Data Mining in Finance (Multiple Features & Leading Stocks based Prediction)

MPhil Thesis Defence


Title: "Data Mining in Finance (Multiple Features & Leading Stocks based 
Prediction)"

By

Mr. Pong-Ching Wong


Abstract

With rapid digitalization of mass media and successive evolution of 
computational modeling, applying data mining techniques in stock 
forecasting has been a prevailing topic that is being explored by numerous 
computer scientists. Presently, researchers focus on studying how to make 
use of more powerful modeling techniques to improve the forecasting 
accuracies, relatively few researchers consider the essence of correct 
features selection (effective factors identification).

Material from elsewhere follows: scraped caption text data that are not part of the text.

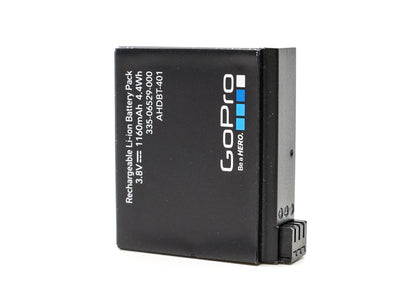 Akumulator Ładowalny do GoPro HERO 4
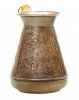 Турка медная с чеканкой "Зодиаки", 600 мл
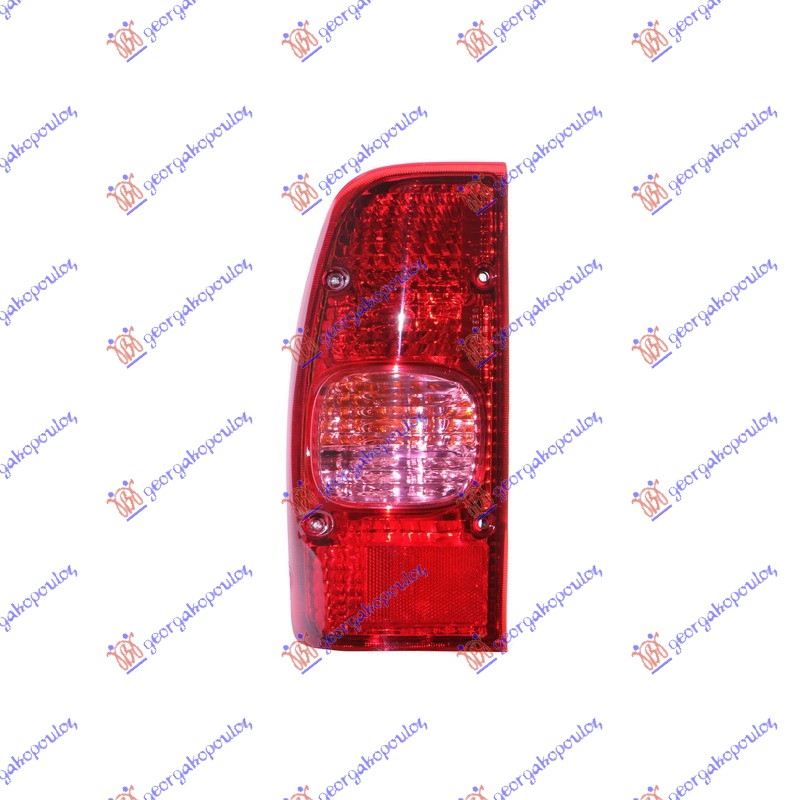 STOP LAMPA (DEPO) LEVO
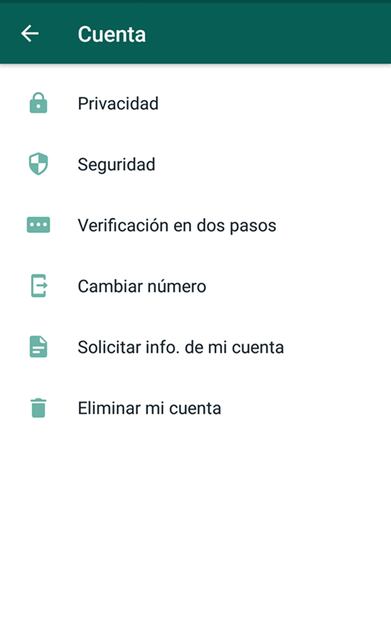 Así puedes ver los estados de WhatsApp sin que se den cuenta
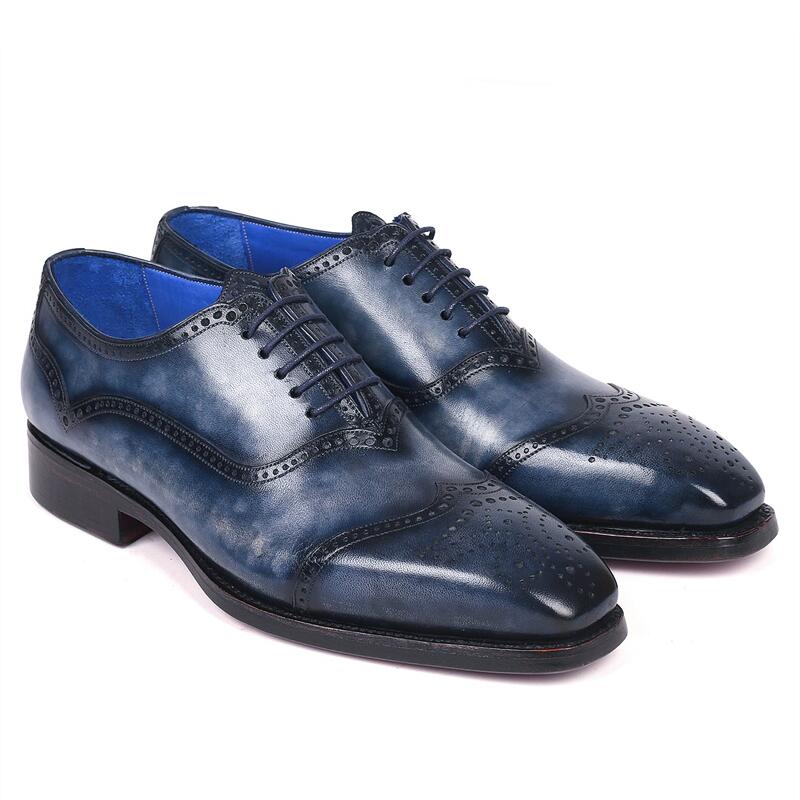 Best Luxury Men's Dress Shoes Brands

In the financial market, whether the stock price is going up or going down 
is mainly driven by the expectation of investors and speculators. The 
correct problem formulation achieved by considering effective factors is 
superior to making improvement on model complexities. In the real 
financial world, most of the investment decisions are relying on textual 
information (for instance, news articles) and human perceptions (trends of 
stock price) to predict market price movement. Most of these features, 
especially textual information, are unstructured and fuzzy in nature, 
unable to be readily processed in computational models and this also 
remains lots of technical challenges in the literature. In this thesis 
paper, we would like to propose feasible solutions to process and consider 
them in our cutting edge forecasting models. A support vector machine 
(SVM) based prediction system, multiple feature based forecasting 
framework (MFF) has been developed to process news, stock trend 
components, and technical indicators as well as Volatility Index (VIX) 
index in order to improve the prediction performance. At the same time, 
based on the shortcoming of current literature approaches in text mining 
and trend components extraction, some possible methods are also discussed 
and verified.

Apart from processing and utilizing additional features, the improvement 
of stock forecasting accuracies is also attempted through studying 
inter-relationships among multiple financial time series, traditionally 
believed to be useful for investors to optimize portfolios, and 
speculators to capture the chance of statistical arbitrage (most likely, 
pair trading). Existing researches, advocate of utilizing statistical 
correlations (co-movement in prices) between different stock entities as a 
factor mining method. However, the high correlation in the financial time 
series does not imply the causality. Therefore, we should reasonably 
address the later rather than the former. Notwithstanding the foreseeable 
improvement through modeling causalities, relatively few works are 
concerned with studying it and therefore explore the potential of lagging 
effects to boost accuracies of stock prediction. In this thesis paper, we 
would like to propose a novel leading stock based prediction framework 
(LSPF), dedicated to mining leading stocks. By definition in this study, a 
stock is considered as a leader once its rising or falling is preceded to 
others. In other words, the predictive power of any data modeling over led 
stock can be arisen by considering these leading stocks as factors in the 
modeling process. LSPF tracks the inter-leading and lagging relationships 
between stock entities by investigating three feasible leading stock 
mining models, respectively, linear Granger causality test, non-linear 
Granger causality test, and lagged correlation measurement. A leadership 
ranking approach is suggested to weight the importance of found leading 
and lagging stocks after mining processes.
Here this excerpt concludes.